*Work to complete*. Among the lines below, count those that include "Leopard", and state the count alone.

*Records for this exercise*.
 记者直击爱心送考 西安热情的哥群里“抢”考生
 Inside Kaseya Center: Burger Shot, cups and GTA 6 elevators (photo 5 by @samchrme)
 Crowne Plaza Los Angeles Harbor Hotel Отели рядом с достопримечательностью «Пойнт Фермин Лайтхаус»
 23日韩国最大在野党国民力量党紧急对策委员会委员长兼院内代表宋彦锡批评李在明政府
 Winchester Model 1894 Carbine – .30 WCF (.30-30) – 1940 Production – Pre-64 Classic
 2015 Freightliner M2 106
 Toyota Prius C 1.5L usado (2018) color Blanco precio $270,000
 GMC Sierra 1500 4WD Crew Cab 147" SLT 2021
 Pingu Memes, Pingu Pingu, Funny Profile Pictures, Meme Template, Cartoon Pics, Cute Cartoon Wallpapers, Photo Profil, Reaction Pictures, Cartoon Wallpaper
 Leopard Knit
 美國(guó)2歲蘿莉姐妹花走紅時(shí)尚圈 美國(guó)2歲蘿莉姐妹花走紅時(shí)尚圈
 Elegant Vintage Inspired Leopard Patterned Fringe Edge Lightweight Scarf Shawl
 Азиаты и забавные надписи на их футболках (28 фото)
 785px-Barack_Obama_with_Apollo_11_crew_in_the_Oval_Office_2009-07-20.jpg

*Completed exercise*. 2